Endings are tricky. How do you find a meaningful way to finish the story you’ve been telling for years? What does a satisfactory end for Dunder Mifflin or the Sunnydale Scooby Gang or two monster-hunting brothers who have been, excuse the term, vamping for ten years even look like? It takes thought, work, and planning.
Alias‘ final season circled back to beginning in ways I lack time to describe. The Office, for good or ill, kicked off the final arc for Jim and Pam in the ninth season premiere. Arrow devoted its entire final season to saying goodbye to its main character. BoJack Horseman found two satisfying finales in one season: one where BoJack helps his friends find their better tomorrows before settling into what might be his own, and a second one after his many, many past sins have torn his peaceful future to shreds.

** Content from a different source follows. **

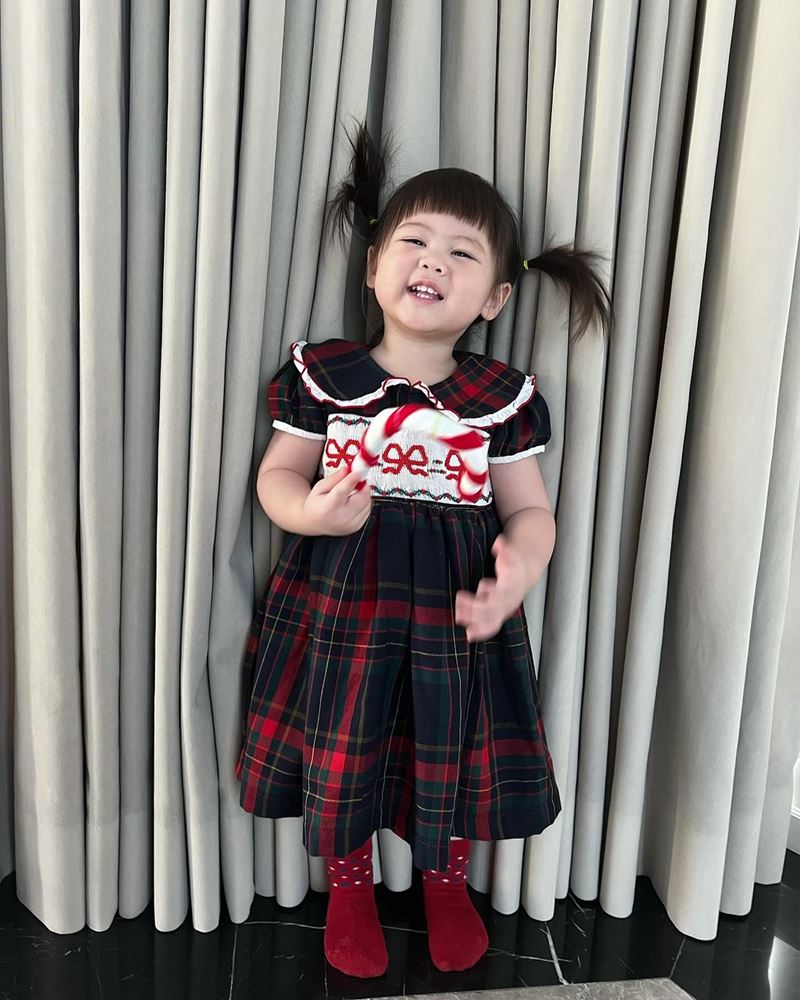 น้องแอบิเกล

But knowing where you’re going is nothing without knowing how to get there. How I Met Your Mother and Game of Thrones had planned endings, but had put so little work into setting them up that they felt like betrayals to loyal viewers. Smarter people than me have examined how Game of Thrones fell apart, to the point where it angered viewers so much it’s mystifying they’re bothering to make a prequel series, because how many fans do they think they have left? How I Met Your Mother threw out the ending we thought we were building to for an ending they’d actively been writing away from for years. The ending of HIMYM damaged my relationship with the show; I used to buy the DVDs to rewatch classic episodes, now I haven’t considered rewatching any since the finale.

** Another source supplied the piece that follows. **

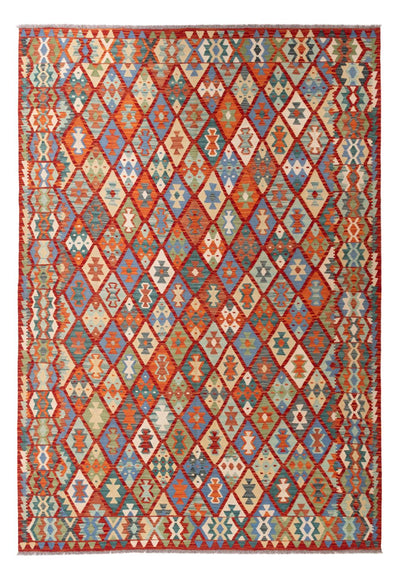Kilim Maimana Mattan 213x294cm - Ullmatta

Lucifer knew they were at journey’s end, and tried to make their last ten episodes as special and memorable as they could. They started building Lucifer’s final fate before the final season had even started, planting the seeds in the fifth season finale without us even noticing. They got each main character to their own blue heaven (only literally in one case) with enough time to make their final episode all about their central duo.
Supergirl knew they were ending, and to all appearances, tried to make up a final arc on the fly. They spent their lead actress’ absence laying the groundwork for a bunch of side-character subplots but not resolving them, so even when their title character was back full-time she was shoved to the side. They had their weakest final villain, too much “tell not show,” and made it to episode 16 before trying to find anything approaching a theme, longer before asking “Hey what should Kara’s arc be.”

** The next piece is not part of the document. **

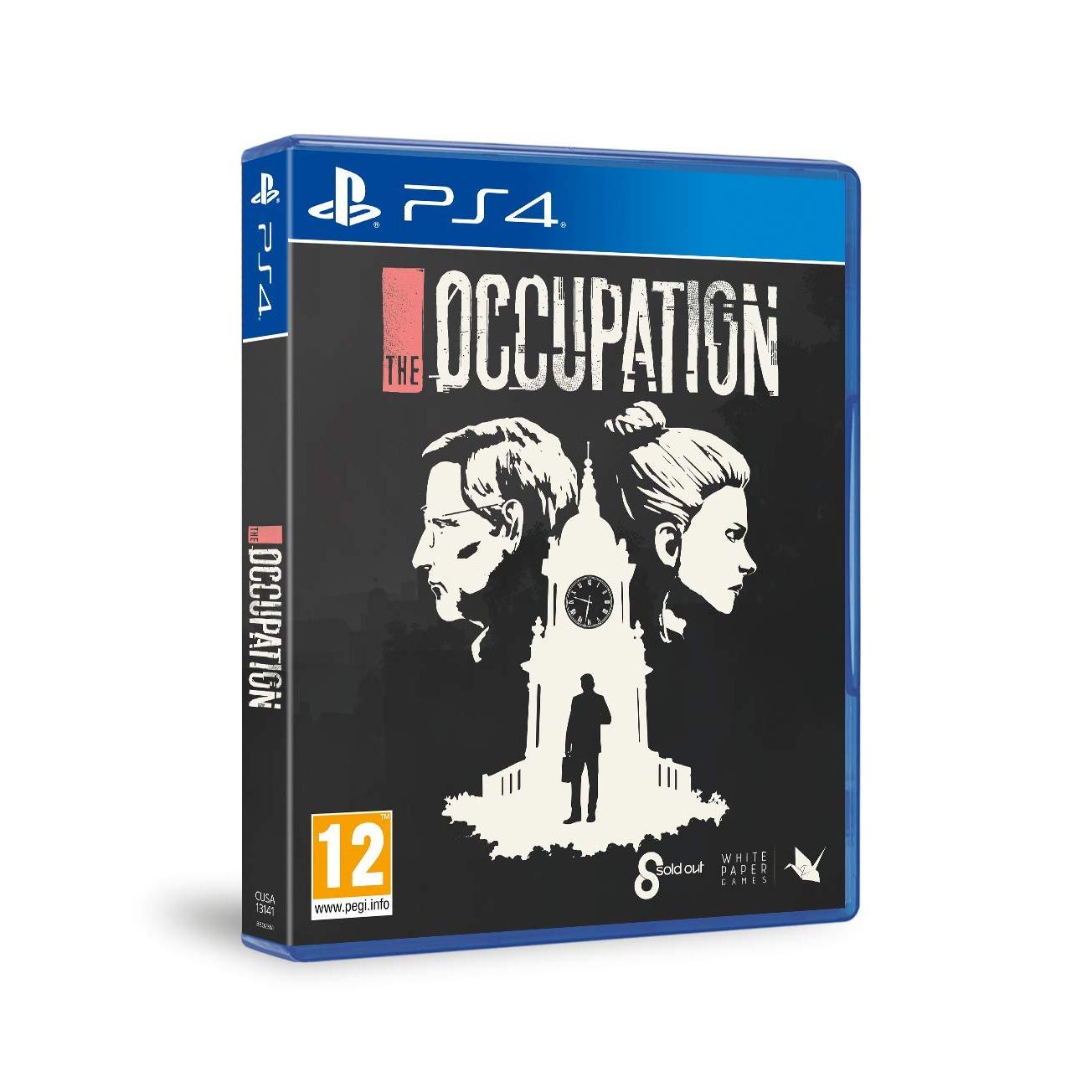 The Occupation PS4 - PAL ESP - Nuevo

A great final season needs a sense of where you’re going, what you’re saying, how you’re getting there, and you can’t wait until the very end to get started. Lucifer’s conclusion was satisfying and thrilling enough I had to start a full series rewatch right away, knowing that each season would be better than the last (mostly, season three is longer than season two, but better might be a stretch). With Supergirl… there might come a day when I’m tempted to revisit the show, because I did once love it greatly… but I might falter after season four. They didn’t go full Game of Thrones, but it would be hard re-living a once great superhero show limping to a half-assed conclusion.
And on the topic of half-assed conclusions, I have a podcast to edit, so, um… bye.